▶ _WHAT IS REQUIRED_
Each line in the records below, from the one that contains "Hande Yener'in Kış" to the one that contains "Butterfly: Inchworm Animation II", should be reproduced exactly, the first and last included.

▶ _EXERCISE MATERIALS_
Start of Block
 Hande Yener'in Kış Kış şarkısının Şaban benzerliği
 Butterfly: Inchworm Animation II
End of Block
Start of Block
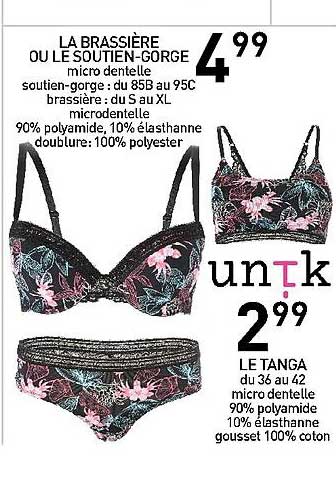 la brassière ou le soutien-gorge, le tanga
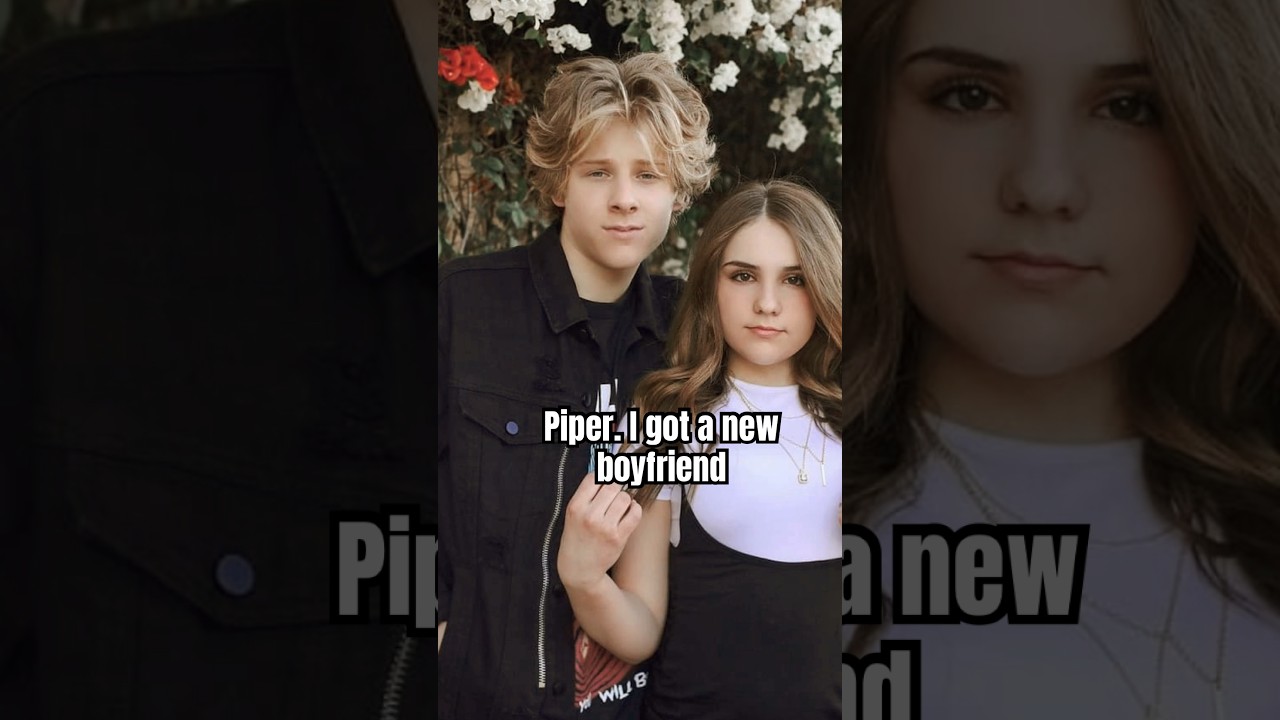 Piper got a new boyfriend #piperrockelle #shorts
End of Block
▶ _REPLY_
 Hande Yener'in Kış Kış şarkısının Şaban benzerliği
 Butterfly: Inchworm Animation II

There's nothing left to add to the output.